**Aim of the exercise**
Having found the line containing "Hyundai Santa Fe" in the records below, copy that line and each later one exactly, dropping pictures.

**The records**
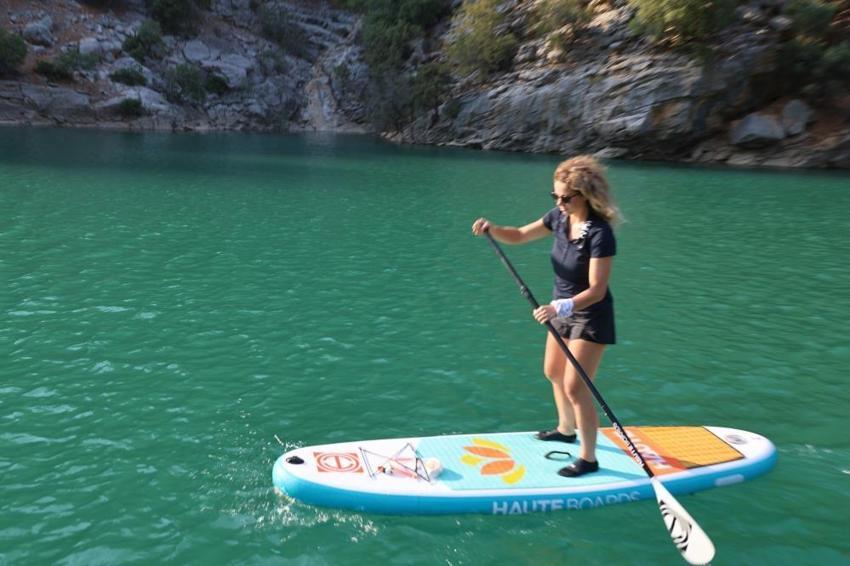 Adana'nın geleceği burada: Dronla görüntülendi, sporcular hayran kaldı!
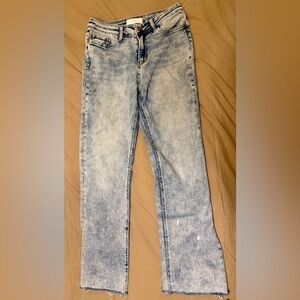 29 (9) Vervet High Rise Boot Cut Jeans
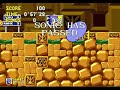 Sonic 1 Omochao- Labyrinth Zone 1- 0 (No lamppost glitch)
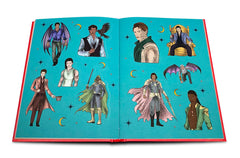 Stickertopium: Romantasy by Design Eye - used book at Perkology Books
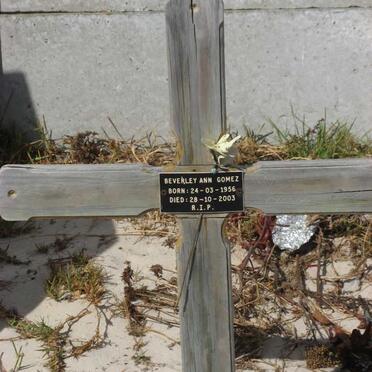 GOMEZ Beverley Ann 1956-2003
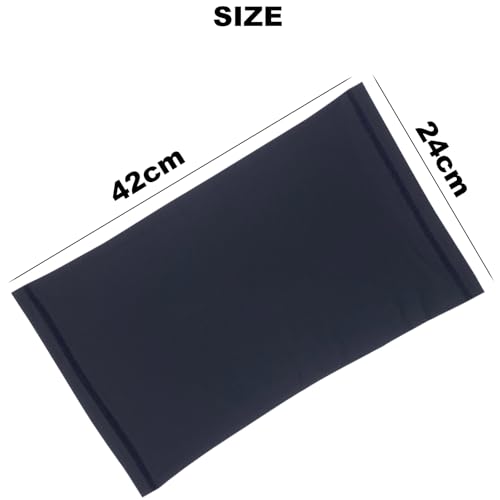 3 Pack Neck Gaiter Breathable Face Mask -Hiking Bandana,Neck Scarf & Balaclava, Multi-Purpose Sun Protection4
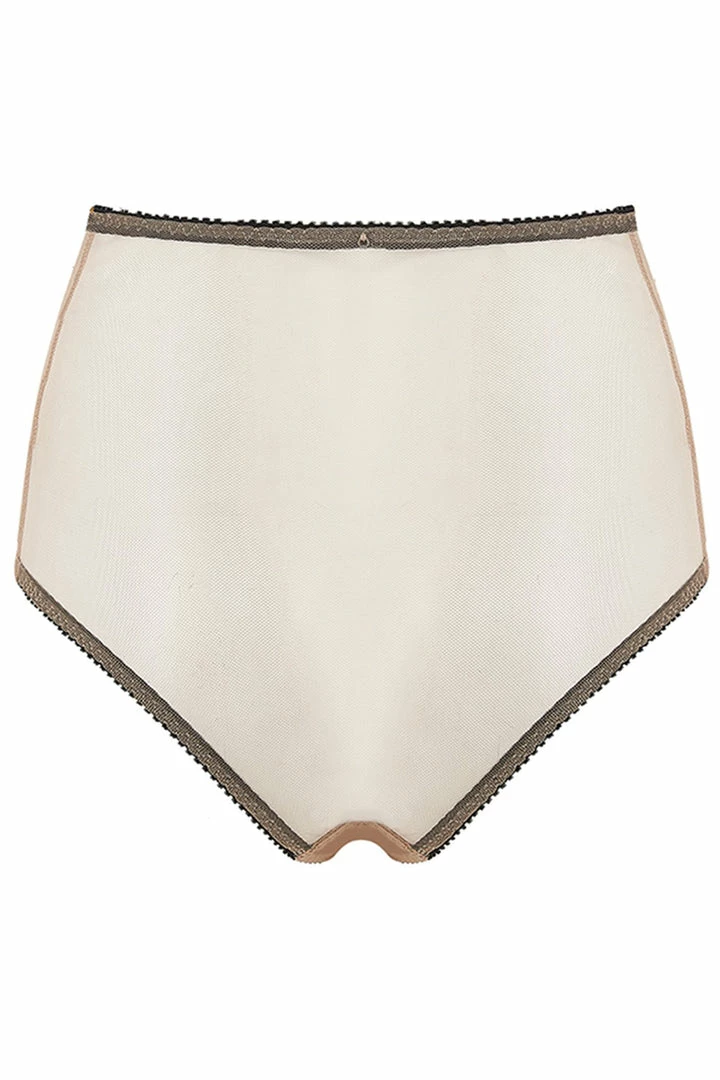 Edge O' Beyond Knickers Marinette Illusion High Waist Brief 10 Edge O' Beyond Knickers Marinette Illusion High Waist Brief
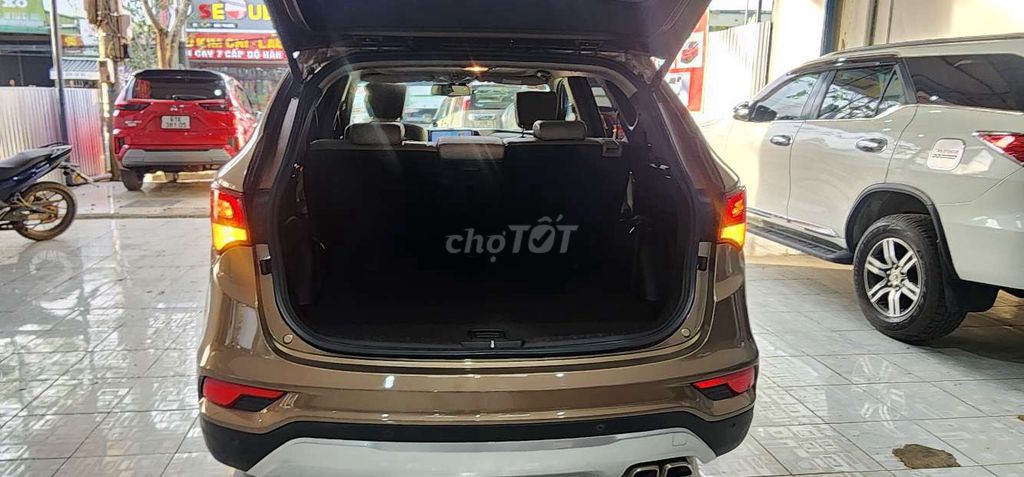 Hyundai Santa Fe 2016 2.4L Xăng, 2 cầu, số tự động. Mua bán Ô tô tại Huyện Đức Trọng Lâm Đồng được đăng bởi THỂ TRẦN CAR hình 10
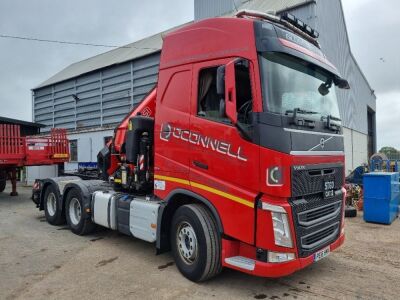 2016 Volvo FH 540 (Euro 6) 80ton 6x4 Crane Tractor Unit - 3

**Result of this exercise**
 Hyundai Santa Fe 2016 2.4L Xăng, 2 cầu, số tự động. Mua bán Ô tô tại Huyện Đức Trọng Lâm Đồng được đăng bởi THỂ TRẦN CAR hình 10
 2016 Volvo FH 540 (Euro 6) 80ton 6x4 Crane Tractor Unit - 3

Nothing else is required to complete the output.